▶ _YOUR INSTRUCTIONS_:
Would you transcribe each of the entries exactly, with nothing added or dropped?

▶ _RECORD EXCERPTS_:
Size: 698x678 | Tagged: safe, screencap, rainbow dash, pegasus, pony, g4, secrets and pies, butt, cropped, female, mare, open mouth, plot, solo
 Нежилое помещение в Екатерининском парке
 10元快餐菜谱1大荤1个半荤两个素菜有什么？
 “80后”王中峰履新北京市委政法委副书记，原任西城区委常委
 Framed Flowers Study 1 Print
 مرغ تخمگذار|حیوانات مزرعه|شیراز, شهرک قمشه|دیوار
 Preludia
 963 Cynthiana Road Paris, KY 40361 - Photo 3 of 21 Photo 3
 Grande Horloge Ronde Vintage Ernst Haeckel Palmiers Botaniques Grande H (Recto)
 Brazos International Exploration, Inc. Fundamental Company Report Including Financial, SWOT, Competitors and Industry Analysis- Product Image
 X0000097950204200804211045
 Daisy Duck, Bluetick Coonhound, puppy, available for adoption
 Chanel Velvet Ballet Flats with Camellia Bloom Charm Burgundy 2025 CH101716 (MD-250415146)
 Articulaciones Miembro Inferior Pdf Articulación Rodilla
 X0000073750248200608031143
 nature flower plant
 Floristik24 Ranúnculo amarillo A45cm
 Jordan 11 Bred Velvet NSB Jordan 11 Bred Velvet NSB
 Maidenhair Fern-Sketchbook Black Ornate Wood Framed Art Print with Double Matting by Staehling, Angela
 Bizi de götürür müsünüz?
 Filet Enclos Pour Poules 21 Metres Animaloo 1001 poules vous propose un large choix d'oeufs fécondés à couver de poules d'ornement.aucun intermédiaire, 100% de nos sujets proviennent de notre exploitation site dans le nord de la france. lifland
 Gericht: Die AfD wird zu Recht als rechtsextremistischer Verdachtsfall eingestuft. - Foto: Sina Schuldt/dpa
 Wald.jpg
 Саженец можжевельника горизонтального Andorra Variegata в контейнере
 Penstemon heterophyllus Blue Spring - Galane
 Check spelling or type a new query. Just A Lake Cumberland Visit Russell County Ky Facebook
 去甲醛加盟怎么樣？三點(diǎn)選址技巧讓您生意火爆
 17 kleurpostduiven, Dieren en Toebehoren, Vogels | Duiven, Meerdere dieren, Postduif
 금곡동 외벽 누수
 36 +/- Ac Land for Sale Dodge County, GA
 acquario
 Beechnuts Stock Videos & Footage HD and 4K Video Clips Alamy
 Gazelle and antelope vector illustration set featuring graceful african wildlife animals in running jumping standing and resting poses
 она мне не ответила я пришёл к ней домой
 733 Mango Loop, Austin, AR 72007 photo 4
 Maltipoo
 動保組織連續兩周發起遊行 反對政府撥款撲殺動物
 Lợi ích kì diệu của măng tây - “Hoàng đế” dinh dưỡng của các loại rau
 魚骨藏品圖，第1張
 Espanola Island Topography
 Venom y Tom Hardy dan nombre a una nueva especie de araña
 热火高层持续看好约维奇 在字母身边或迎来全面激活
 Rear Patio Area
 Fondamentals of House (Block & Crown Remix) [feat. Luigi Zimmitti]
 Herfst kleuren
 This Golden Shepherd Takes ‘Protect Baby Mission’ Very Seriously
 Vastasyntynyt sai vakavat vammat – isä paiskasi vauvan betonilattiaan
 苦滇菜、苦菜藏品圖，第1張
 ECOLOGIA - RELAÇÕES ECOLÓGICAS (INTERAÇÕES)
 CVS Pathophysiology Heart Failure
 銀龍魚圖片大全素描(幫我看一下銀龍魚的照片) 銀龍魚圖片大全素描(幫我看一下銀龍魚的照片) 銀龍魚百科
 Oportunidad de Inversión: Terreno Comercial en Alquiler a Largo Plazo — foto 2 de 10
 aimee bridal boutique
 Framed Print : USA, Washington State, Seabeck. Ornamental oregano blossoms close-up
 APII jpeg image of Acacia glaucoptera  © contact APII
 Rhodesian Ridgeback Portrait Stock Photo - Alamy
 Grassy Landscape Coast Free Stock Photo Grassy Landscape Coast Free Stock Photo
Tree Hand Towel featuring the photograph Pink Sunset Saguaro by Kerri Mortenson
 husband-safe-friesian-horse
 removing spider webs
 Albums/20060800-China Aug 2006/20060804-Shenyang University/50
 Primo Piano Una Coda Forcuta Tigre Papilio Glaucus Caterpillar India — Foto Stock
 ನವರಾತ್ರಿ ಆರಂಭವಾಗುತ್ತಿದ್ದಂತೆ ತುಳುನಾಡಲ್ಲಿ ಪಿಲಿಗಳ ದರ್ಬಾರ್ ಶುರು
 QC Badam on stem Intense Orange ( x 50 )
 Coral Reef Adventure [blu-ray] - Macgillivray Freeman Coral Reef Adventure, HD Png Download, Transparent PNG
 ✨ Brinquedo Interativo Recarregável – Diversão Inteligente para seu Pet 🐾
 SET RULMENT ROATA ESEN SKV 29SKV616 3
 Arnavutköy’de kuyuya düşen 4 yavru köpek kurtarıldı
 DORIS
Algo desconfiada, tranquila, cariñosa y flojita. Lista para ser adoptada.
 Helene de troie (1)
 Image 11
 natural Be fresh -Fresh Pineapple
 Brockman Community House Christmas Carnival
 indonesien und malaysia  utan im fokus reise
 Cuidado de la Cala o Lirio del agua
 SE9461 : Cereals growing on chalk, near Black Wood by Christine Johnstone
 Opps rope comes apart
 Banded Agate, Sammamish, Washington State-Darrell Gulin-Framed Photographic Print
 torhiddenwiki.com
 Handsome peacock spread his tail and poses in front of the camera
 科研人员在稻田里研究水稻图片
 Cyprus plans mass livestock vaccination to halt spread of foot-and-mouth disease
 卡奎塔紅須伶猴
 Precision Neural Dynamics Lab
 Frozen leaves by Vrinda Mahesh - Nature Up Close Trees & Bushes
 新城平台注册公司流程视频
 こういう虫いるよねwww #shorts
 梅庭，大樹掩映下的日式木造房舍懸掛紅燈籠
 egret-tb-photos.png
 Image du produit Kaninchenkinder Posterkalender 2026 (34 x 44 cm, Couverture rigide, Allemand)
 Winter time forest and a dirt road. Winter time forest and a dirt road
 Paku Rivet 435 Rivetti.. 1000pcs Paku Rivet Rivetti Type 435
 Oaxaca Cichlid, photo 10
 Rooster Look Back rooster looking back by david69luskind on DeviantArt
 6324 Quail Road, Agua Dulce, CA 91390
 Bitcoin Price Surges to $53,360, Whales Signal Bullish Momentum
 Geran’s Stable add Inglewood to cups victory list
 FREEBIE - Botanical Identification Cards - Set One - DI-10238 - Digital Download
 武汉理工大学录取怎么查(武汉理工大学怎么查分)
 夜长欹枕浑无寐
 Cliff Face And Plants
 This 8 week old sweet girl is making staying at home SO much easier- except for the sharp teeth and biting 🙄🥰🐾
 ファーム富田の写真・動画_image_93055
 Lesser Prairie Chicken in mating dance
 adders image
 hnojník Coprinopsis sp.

▶ _WRITTEN SOLUTION_:
Size: 698x678 | Tagged: safe, screencap, rainbow dash, pegasus, pony, g4, secrets and pies, butt, cropped, female, mare, open mouth, plot, solo
 Нежилое помещение в Екатерининском парке
 10元快餐菜谱1大荤1个半荤两个素菜有什么？
 “80后”王中峰履新北京市委政法委副书记，原任西城区委常委
 Framed Flowers Study 1 Print
 مرغ تخمگذار|حیوانات مزرعه|شیراز, شهرک قمشه|دیوار
 Preludia
 963 Cynthiana Road Paris, KY 40361 - Photo 3 of 21 Photo 3
 Grande Horloge Ronde Vintage Ernst Haeckel Palmiers Botaniques Grande H (Recto)
 Brazos International Exploration, Inc. Fundamental Company Report Including Financial, SWOT, Competitors and Industry Analysis- Product Image
 X0000097950204200804211045
 Daisy Duck, Bluetick Coonhound, puppy, available for adoption
 Chanel Velvet Ballet Flats with Camellia Bloom Charm Burgundy 2025 CH101716 (MD-250415146)
 Articulaciones Miembro Inferior Pdf Articulación Rodilla
 X0000073750248200608031143
 nature flower plant
 Floristik24 Ranúnculo amarillo A45cm
 Jordan 11 Bred Velvet NSB Jordan 11 Bred Velvet NSB
 Maidenhair Fern-Sketchbook Black Ornate Wood Framed Art Print with Double Matting by Staehling, Angela
 Bizi de götürür müsünüz?
 Filet Enclos Pour Poules 21 Metres Animaloo 1001 poules vous propose un large choix d'oeufs fécondés à couver de poules d'ornement.aucun intermédiaire, 100% de nos sujets proviennent de notre exploitation site dans le nord de la france. lifland
 Gericht: Die AfD wird zu Recht als rechtsextremistischer Verdachtsfall eingestuft. - Foto: Sina Schuldt/dpa
 Wald.jpg
 Саженец можжевельника горизонтального Andorra Variegata в контейнере
 Penstemon heterophyllus Blue Spring - Galane
 Check spelling or type a new query. Just A Lake Cumberland Visit Russell County Ky Facebook
 去甲醛加盟怎么樣？三點(diǎn)選址技巧讓您生意火爆
 17 kleurpostduiven, Dieren en Toebehoren, Vogels | Duiven, Meerdere dieren, Postduif
 금곡동 외벽 누수
 36 +/- Ac Land for Sale Dodge County, GA
 acquario
 Beechnuts Stock Videos & Footage HD and 4K Video Clips Alamy
 Gazelle and antelope vector illustration set featuring graceful african wildlife animals in running jumping standing and resting poses
 она мне не ответила я пришёл к ней домой
 733 Mango Loop, Austin, AR 72007 photo 4
 Maltipoo
 動保組織連續兩周發起遊行 反對政府撥款撲殺動物
 Lợi ích kì diệu của măng tây - “Hoàng đế” dinh dưỡng của các loại rau
 魚骨藏品圖，第1張
 Espanola Island Topography
 Venom y Tom Hardy dan nombre a una nueva especie de araña
 热火高层持续看好约维奇 在字母身边或迎来全面激活
 Rear Patio Area
 Fondamentals of House (Block & Crown Remix) [feat. Luigi Zimmitti]
 Herfst kleuren
 This Golden Shepherd Takes ‘Protect Baby Mission’ Very Seriously
 Vastasyntynyt sai vakavat vammat – isä paiskasi vauvan betonilattiaan
 苦滇菜、苦菜藏品圖，第1張
 ECOLOGIA - RELAÇÕES ECOLÓGICAS (INTERAÇÕES)
 CVS Pathophysiology Heart Failure
 銀龍魚圖片大全素描(幫我看一下銀龍魚的照片) 銀龍魚圖片大全素描(幫我看一下銀龍魚的照片) 銀龍魚百科
 Oportunidad de Inversión: Terreno Comercial en Alquiler a Largo Plazo — foto 2 de 10
 aimee bridal boutique
 Framed Print : USA, Washington State, Seabeck. Ornamental oregano blossoms close-up
 APII jpeg image of Acacia glaucoptera  © contact APII
 Rhodesian Ridgeback Portrait Stock Photo - Alamy
 Grassy Landscape Coast Free Stock Photo Grassy Landscape Coast Free Stock Photo
Tree Hand Towel featuring the photograph Pink Sunset Saguaro by Kerri Mortenson
 husband-safe-friesian-horse
 removing spider webs
 Albums/20060800-China Aug 2006/20060804-Shenyang University/50
 Primo Piano Una Coda Forcuta Tigre Papilio Glaucus Caterpillar India — Foto Stock
 ನವರಾತ್ರಿ ಆರಂಭವಾಗುತ್ತಿದ್ದಂತೆ ತುಳುನಾಡಲ್ಲಿ ಪಿಲಿಗಳ ದರ್ಬಾರ್ ಶುರು
 QC Badam on stem Intense Orange ( x 50 )
 Coral Reef Adventure [blu-ray] - Macgillivray Freeman Coral Reef Adventure, HD Png Download, Transparent PNG
 ✨ Brinquedo Interativo Recarregável – Diversão Inteligente para seu Pet 🐾
 SET RULMENT ROATA ESEN SKV 29SKV616 3
 Arnavutköy’de kuyuya düşen 4 yavru köpek kurtarıldı
 DORIS
Algo desconfiada, tranquila, cariñosa y flojita. Lista para ser adoptada.
 Helene de troie (1)
 Image 11
 natural Be fresh -Fresh Pineapple
 Brockman Community House Christmas Carnival
 indonesien und malaysia  utan im fokus reise
 Cuidado de la Cala o Lirio del agua
 SE9461 : Cereals growing on chalk, near Black Wood by Christine Johnstone
 Opps rope comes apart
 Banded Agate, Sammamish, Washington State-Darrell Gulin-Framed Photographic Print
 torhiddenwiki.com
 Handsome peacock spread his tail and poses in front of the camera
 科研人员在稻田里研究水稻图片
 Cyprus plans mass livestock vaccination to halt spread of foot-and-mouth disease
 卡奎塔紅須伶猴
 Precision Neural Dynamics Lab
 Frozen leaves by Vrinda Mahesh - Nature Up Close Trees & Bushes
 新城平台注册公司流程视频
 こういう虫いるよねwww #shorts
 梅庭，大樹掩映下的日式木造房舍懸掛紅燈籠
 egret-tb-photos.png
 Image du produit Kaninchenkinder Posterkalender 2026 (34 x 44 cm, Couverture rigide, Allemand)
 Winter time forest and a dirt road. Winter time forest and a dirt road
 Paku Rivet 435 Rivetti.. 1000pcs Paku Rivet Rivetti Type 435
 Oaxaca Cichlid, photo 10
 Rooster Look Back rooster looking back by david69luskind on DeviantArt
 6324 Quail Road, Agua Dulce, CA 91390
 Bitcoin Price Surges to $53,360, Whales Signal Bullish Momentum
 Geran’s Stable add Inglewood to cups victory list
 FREEBIE - Botanical Identification Cards - Set One - DI-10238 - Digital Download
 武汉理工大学录取怎么查(武汉理工大学怎么查分)
 夜长欹枕浑无寐
 Cliff Face And Plants
 This 8 week old sweet girl is making staying at home SO much easier- except for the sharp teeth and biting 🙄🥰🐾
 ファーム富田の写真・動画_image_93055
 Lesser Prairie Chicken in mating dance
 adders image
 hnojník Coprinopsis sp.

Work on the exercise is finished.